→ **Instructions to follow**:
Taking the line that contains "Ferrari Monza Sp1 Die Cast Car in Kenya" as the start and the last line of the data as the end, repeat exactly every line in that span, but no pictures.

======== Dataset extract ========

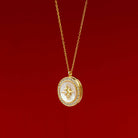 LUNA LOCKET | Love Promise | Sterling Silver - MILA CANTES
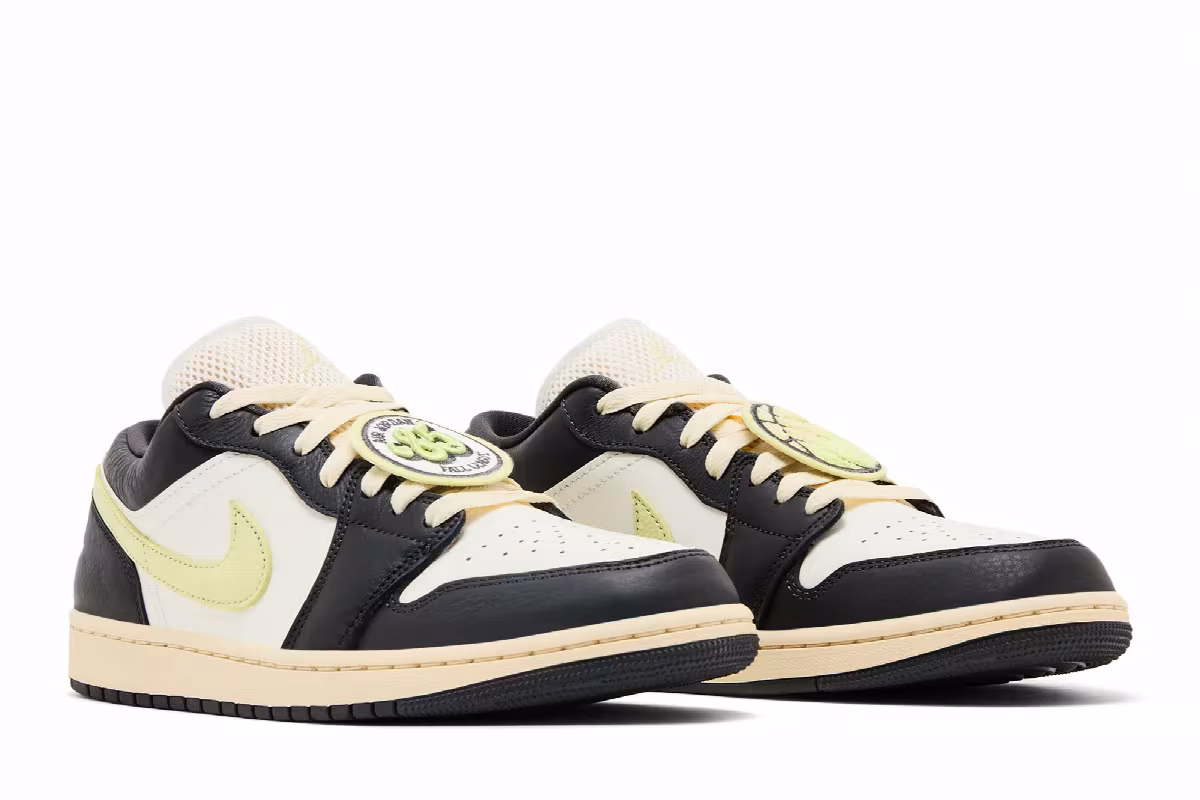 Women's Air Jordan 1 Low Fall League, view 9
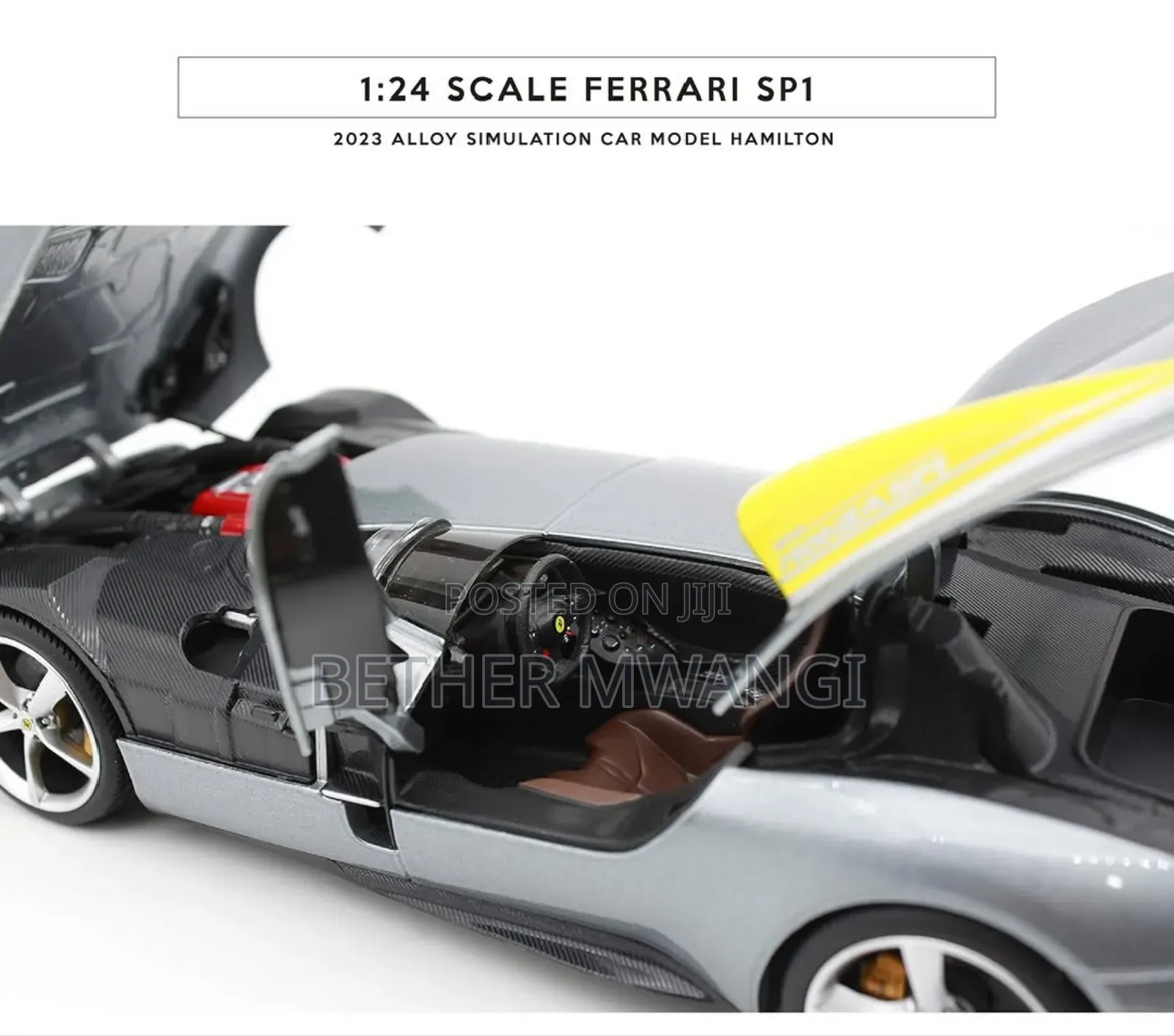 Ferrari Monza Sp1 Die Cast Car in Kenya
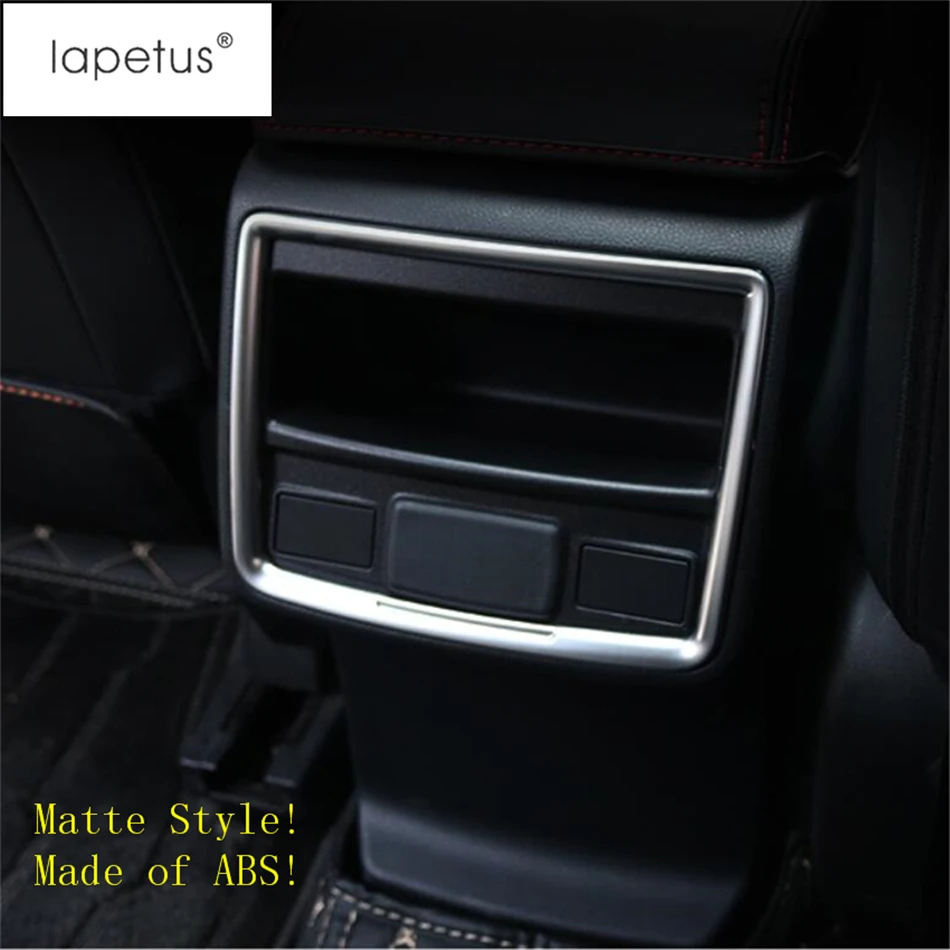 Аксессуары Lapetus подходят для Subaru Forester 2019 2020 ABS подлокотник коробка задний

========

→ **Written answer**:
 Ferrari Monza Sp1 Die Cast Car in Kenya
 Аксессуары Lapetus подходят для Subaru Forester 2019 2020 ABS подлокотник коробка задний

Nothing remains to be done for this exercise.